味の素/デジタルでトレンドを掴み、テレビCMをいち早く展開
続いて齋藤氏は、メーカーへのマーケティング支援事例を紹介。齋藤氏はまず、クックパッドのデータから流行をいち早くキャッチし、マス向けのプロモーションを展開することに成功した、味の素「丸鶏がらスープ」の取り組みについて明かした。
取り組みのきっかけは「無限ピーマン」というレシピ。2016年にある主婦がSNSで「子どもが無限にピーマンを食べてくれた」という文言とともに、作り方を投稿したのがブームの始まりだった。すぐにクックパッドにもレシピが投稿され、「無限ピーマン」の検索も増えたという。
クックパッドでは、このようなトレンドの兆しを見つけたとき、「使われている食材・調味料は何か」「ユーザーのどのようなニーズを反映しているのか」などを分析している。無限ピーマンについて調べたところ、多くの場合、調味料には「中華だし」が使われていることがわかった。そこで2016年末に、取引先だった味の素に「無限というキーワードを、生活者とのコミュニケーションの軸にしてはどうか」と提案した。
その後、味の素とクックパッドは、「無限シリーズ」として数々のレシピを開発。ピーマンだけでなく、「無限ニンジン」「無限キャベツ」とシリーズ化して公開したほか、クックパッドで「無限ピーマン」と検索すると、味の素の「無限シリーズ」のバナーが表示されるようにした。その結果、「無限」に関する検索では、味の素のレシピが1位を獲得した。

デジタル上のユーザーの反応から手ごたえを掴んだ味の素は、タレントの渡辺直美さんを起用したテレビCMを制作し、放映。齋藤氏は、「デジタルでトレンドの兆しを掴み、マス向けに展開するという流れは、味の素さんでも初めてと聞いています」と話した。
花王/クリック率の高さは、リアル店舗の購買に結びつくのか?
またクックパッドは2016年から、花王の食器用洗剤「キュキュット泡スプレー」のマーケティングも支援している。この取り組みを紹介するにあたって齋藤氏が会場に問いかけたのが、「クリック率は何を語っているのか」。クリック率はデジタル広告の重要なKPIと考えられているが、食品や日用品など、リアル店舗での購買が中心の商材においても、それは当てはまるのだろうか。
検証のために、両社は2種類のクリエイティブを用意。「お弁当箱の汚れをこすらず一気に落とす」という製品の価値を訴求するクリエイティブ(下図の左)と、「家族が喜ぶ時短お弁当レシピ」としてシーンに寄り添った訴求をするクリエイティブ(下図の右)をテスト配信した。

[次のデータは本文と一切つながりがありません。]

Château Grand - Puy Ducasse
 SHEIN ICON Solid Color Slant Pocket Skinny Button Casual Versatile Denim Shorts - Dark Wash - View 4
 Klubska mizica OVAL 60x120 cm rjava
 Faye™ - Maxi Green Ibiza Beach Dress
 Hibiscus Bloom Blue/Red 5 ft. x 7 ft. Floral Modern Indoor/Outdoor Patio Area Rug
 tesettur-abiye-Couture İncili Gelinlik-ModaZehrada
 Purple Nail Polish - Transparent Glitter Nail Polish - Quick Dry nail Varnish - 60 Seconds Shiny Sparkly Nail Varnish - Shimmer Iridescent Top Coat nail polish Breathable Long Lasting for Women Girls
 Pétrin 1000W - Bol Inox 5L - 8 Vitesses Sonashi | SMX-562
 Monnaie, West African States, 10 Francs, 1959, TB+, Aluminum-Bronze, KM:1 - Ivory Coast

するとクリック率は、前者が0.19%、後者が0.4%という結果に。しかし「シーン訴求のクリエイティブは確かにクリック率は高いが、本当に製品の価値を伝え、売り上げにインパクトをもたらすことができているのか疑問だった」と齋藤氏。その問いがクリアになるまで、2つのクリエイティブをもう少し配信し続けることにした。
一定期間が経過した後、外部調査会社を通じてバナーの効果を詳細に調べてみたところ、商品の認知・購入意欲については、クリック率が低かった製品価値を伝えるクリエイティブに軍配が上がった。
さらに実際の購入についても、製品価値を訴求したバナーは2.9%と、クリック率が高かったレシピ訴求の2.1%を上回る貢献をしていた。

「特にリアル店舗を主戦場とする商材を扱う場合は、クリック率のみをKPIとしてもよいのか、慎重に考える必要があることがわかりました」(齋藤氏)
なお、このような測定が可能なのは、クックパッドが約5万人のモニターをもつインテージの消費者パネル「SCI(全国個人消費者パネル調査)」とデータ連携をしているためだ。齋藤氏によると、データのシンク率は70~80%。実際に広告に触れたか触れていないかを判定して、購入率を把握できるという。